All accidental injections should be considered a serious medical emergency.
Preventing Accidental Injection
Employees performing injections should be thoroughly trained in the correct method of performing the operation and the risks involved. Caution should be exercised at all times.
The employee should be alert and use precision when injecting each animal. Short breaks or rest periods are necessary to prevent fatigue and other conditions such as strain injury, which can lead to self-injection.

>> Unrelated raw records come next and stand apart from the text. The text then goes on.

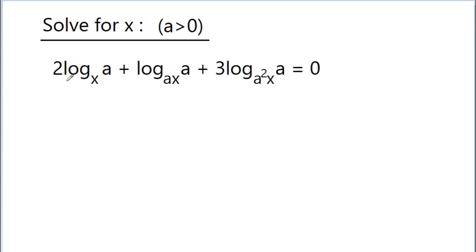In this video, we have 2·log base x of a, plus log base ax of a, plus 3·log base a²x of a, is equal to 0, and we have to solve for x where a is greater than 0.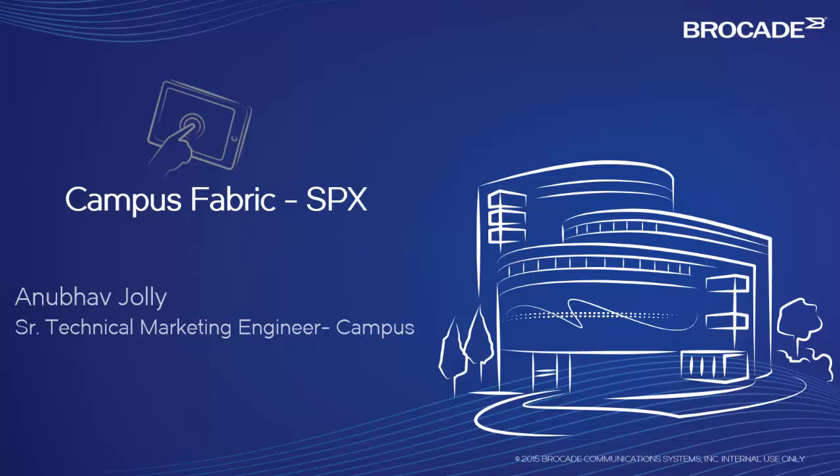Hello, everybody. My name is Anubhav Jolly. I'm a Senior Technical Marketing Engineer for Campus Products at Brocade Communications.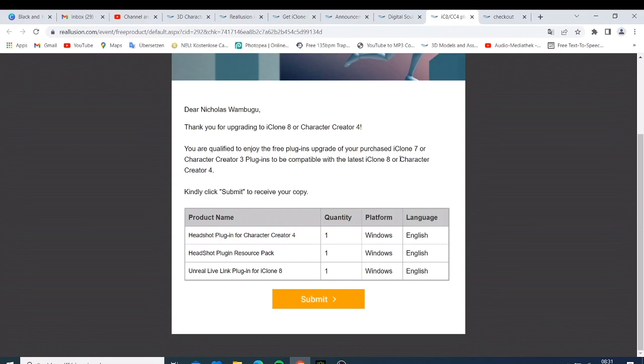own the iClone 7 or the Character Creator 3 plugins, that is Headshot, Headshot Plugin Resources, and Online Live. Reallusion is now going to send this to you when you purchase the iClone 8.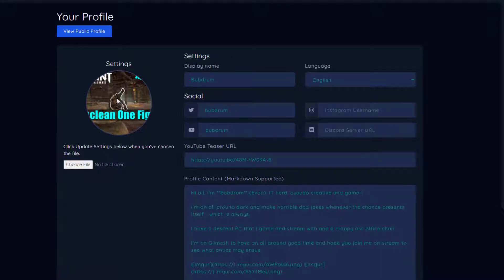Then you have your display name, your language, social that you'll put in your username on your social, and then Instagram, Discord, everything like that. You can also put in a YouTube teaser URL if you have a YouTube channel, like a montage video would be good for something like that. And then you have your profile content, and this can get kind of tricky.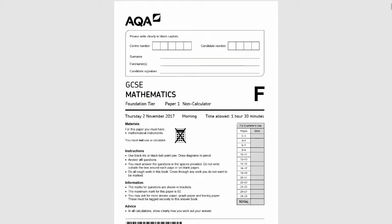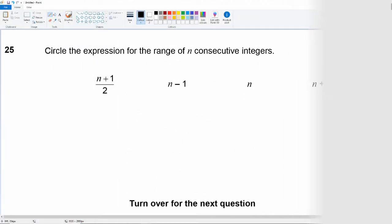Welcome to another GCSE revision video. In this video we're going to be looking at the AQA GCSE past paper — this is the November 2017 first paper in the foundation tier of the 8300 series. It's a non-calculator paper.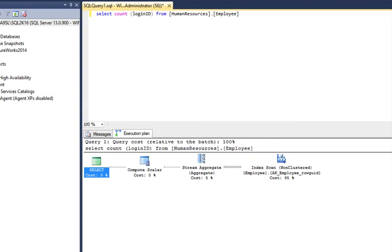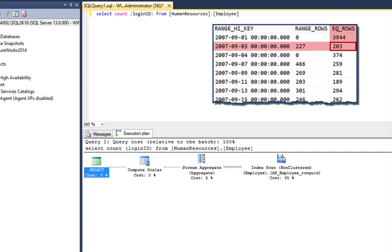The cost also depends on the estimated number of records that will need to be processed. This estimate of the number of records is known as a cardinality estimate. That's a word we see often.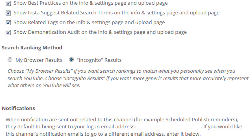There's a little explanation underneath what each option is, but basically you're going to want to use incognito so you can see how your search terms rank for a generic user — not someone with your specific browsing history, subscriptions, likes, and comments.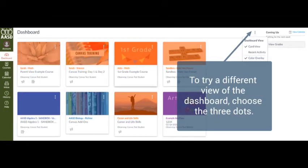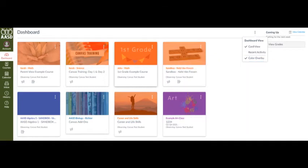Another option is the Recent Activity View. To change to Recent Activity View, choose the three dots in the top right corner and click Recent Activity View.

Protective equipment such as leather finger tabs may also reduce the risk of self-injection. Physical conditions in the facility should be examined before beginning injections. Proper lighting is essential for accurate vaccination techniques. Physical hazards, which might cause tripping, cuts and bruises should be removed.
When setting up the injection equipment, a job instruction checklist or manufacturer’s checklist should be followed to ensure that everything is ready before the operation begins. Procedures should be in place for proper disposal of used needles and other items that need to be replaced.
Procedures to Follow After Accidental Injection
- Immediately put ice on the area where injection has occurred to reduce potential swelling.
- Seek medical attention as soon as possible. Take essential information with you (such as the MSDS for the product, this fact sheet or similar information).
- The affected area should be cleaned as soon as possible. The bacterial portion of autogenous bacterins does not pose a transmission risk. There is a risk however of bacterial contamination since the injection needle and the injection site may not be sterile. For these reasons, antibiotics and a tetanus shot (if needed) may be administered by medical personnel.
- For oil based products, because of the nature of the emulsion (liquid paraffin, tween and mineral oil), the injected fluid MUST BE REMOVED. Therefore, medical personnel should lance, locally debride and remove the emulsion before tissue reaction begins.
- It is critical that the attending physician knows that the product is an oil emulsion and should be treated for its content as well as for possible contamination due to injection.